**Records supplied**
========
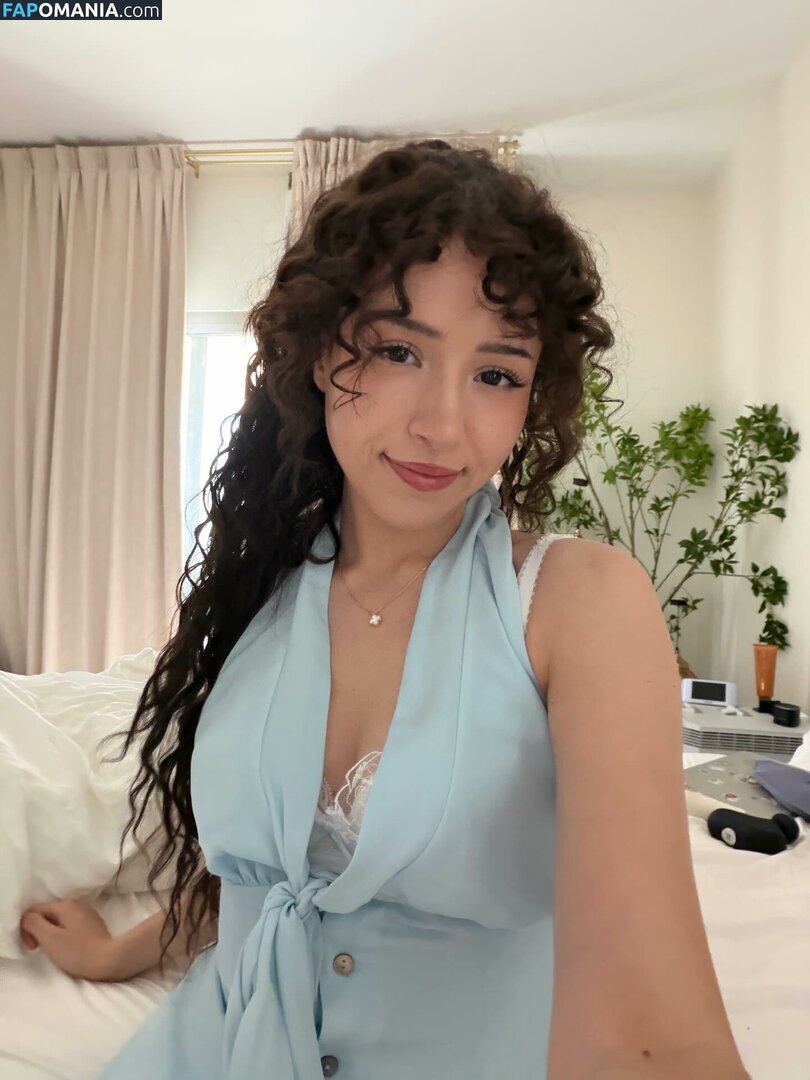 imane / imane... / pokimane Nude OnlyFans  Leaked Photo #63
========
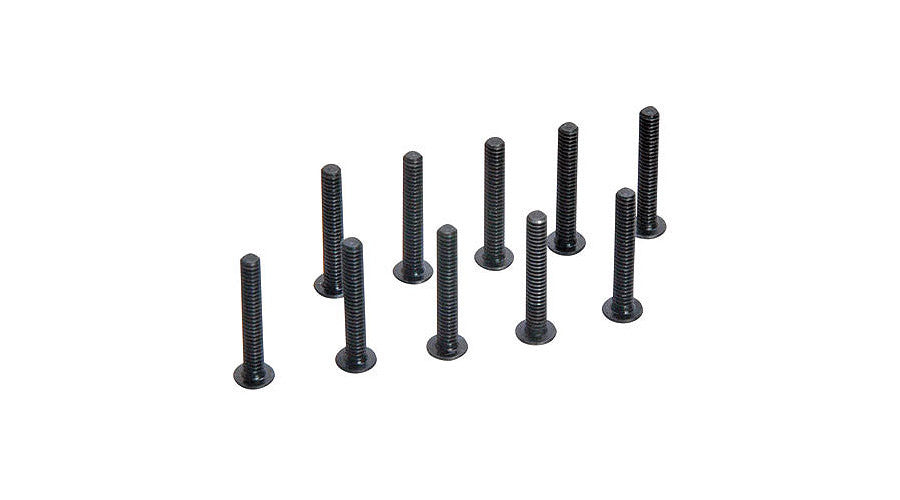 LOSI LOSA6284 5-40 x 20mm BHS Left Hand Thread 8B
========
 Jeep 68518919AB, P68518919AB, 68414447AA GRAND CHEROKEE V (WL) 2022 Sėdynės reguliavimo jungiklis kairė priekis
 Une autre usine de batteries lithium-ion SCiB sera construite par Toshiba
========
Restate word for word only the lines above from the line containing "Jeep 68518919AB, P68518919AB, 68414447AA" to the line containing "Une autre usine", both of them included.

 Jeep 68518919AB, P68518919AB, 68414447AA GRAND CHEROKEE V (WL) 2022 Sėdynės reguliavimo jungiklis kairė priekis
 Une autre usine de batteries lithium-ion SCiB sera construite par Toshiba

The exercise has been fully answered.